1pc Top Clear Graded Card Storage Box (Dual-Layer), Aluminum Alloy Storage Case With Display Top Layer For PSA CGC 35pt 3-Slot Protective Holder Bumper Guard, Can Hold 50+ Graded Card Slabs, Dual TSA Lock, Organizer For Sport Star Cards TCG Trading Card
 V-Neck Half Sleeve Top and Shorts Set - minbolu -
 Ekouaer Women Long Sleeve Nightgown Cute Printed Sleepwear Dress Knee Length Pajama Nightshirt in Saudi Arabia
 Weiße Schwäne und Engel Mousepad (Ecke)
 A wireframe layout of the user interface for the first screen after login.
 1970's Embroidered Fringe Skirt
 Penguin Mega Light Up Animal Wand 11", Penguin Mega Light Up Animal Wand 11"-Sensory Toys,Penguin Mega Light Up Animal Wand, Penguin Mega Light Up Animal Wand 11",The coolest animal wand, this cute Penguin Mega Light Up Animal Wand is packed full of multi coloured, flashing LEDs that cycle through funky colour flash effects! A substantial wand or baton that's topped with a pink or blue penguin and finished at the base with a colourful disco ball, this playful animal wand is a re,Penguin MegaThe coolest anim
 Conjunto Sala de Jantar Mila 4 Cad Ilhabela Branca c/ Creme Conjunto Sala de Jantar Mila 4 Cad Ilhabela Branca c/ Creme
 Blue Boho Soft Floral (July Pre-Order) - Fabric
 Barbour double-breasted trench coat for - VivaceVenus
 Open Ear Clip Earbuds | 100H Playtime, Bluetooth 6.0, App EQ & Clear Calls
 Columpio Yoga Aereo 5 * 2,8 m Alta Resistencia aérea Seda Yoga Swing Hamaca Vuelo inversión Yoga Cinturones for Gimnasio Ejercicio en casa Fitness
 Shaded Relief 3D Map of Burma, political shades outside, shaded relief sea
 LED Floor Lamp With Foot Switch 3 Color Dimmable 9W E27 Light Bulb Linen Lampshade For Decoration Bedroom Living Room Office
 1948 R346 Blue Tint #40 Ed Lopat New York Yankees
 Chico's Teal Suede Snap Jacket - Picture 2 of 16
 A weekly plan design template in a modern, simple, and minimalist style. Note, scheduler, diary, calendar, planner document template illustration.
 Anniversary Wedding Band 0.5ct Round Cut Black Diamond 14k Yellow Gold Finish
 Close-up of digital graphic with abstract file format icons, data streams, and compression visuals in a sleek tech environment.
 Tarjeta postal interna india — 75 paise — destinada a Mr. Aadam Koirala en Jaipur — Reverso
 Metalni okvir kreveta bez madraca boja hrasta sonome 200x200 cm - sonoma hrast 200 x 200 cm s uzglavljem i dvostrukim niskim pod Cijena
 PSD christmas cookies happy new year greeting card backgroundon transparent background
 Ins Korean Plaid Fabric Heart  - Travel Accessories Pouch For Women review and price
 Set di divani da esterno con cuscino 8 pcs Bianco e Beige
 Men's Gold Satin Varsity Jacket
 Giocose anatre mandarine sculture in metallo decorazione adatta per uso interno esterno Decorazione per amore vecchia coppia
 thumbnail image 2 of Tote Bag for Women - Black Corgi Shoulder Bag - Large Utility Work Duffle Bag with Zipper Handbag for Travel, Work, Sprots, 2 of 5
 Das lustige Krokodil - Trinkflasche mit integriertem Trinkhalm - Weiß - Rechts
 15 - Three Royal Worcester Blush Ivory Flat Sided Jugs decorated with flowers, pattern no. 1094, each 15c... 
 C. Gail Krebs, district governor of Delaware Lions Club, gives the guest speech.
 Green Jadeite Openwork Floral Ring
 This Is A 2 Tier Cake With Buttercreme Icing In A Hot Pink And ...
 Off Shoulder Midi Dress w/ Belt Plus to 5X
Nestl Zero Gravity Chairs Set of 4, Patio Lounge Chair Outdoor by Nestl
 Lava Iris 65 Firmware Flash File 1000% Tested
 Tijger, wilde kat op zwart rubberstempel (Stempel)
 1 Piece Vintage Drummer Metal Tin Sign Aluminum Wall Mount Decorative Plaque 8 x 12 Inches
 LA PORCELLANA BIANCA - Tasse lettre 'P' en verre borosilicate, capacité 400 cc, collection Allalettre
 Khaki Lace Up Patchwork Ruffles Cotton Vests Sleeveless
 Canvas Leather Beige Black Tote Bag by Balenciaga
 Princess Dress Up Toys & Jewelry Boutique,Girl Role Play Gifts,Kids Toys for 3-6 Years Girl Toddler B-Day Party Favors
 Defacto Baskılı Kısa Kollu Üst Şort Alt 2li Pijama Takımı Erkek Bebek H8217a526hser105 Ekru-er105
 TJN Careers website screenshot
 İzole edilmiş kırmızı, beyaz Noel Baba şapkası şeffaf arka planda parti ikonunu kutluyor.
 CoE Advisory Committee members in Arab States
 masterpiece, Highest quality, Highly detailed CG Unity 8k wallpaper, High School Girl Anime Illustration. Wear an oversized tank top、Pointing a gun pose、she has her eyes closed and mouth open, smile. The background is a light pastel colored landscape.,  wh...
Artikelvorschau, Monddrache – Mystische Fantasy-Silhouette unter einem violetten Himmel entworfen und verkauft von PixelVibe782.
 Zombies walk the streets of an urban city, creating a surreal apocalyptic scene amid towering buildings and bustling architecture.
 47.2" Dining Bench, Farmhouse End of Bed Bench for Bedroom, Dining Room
********
EXERCISE INSTRUCTIONS: After you work out how many lines in the material hold the word "Tote", please respond with that number alone.

EXERCISE RESULT: 2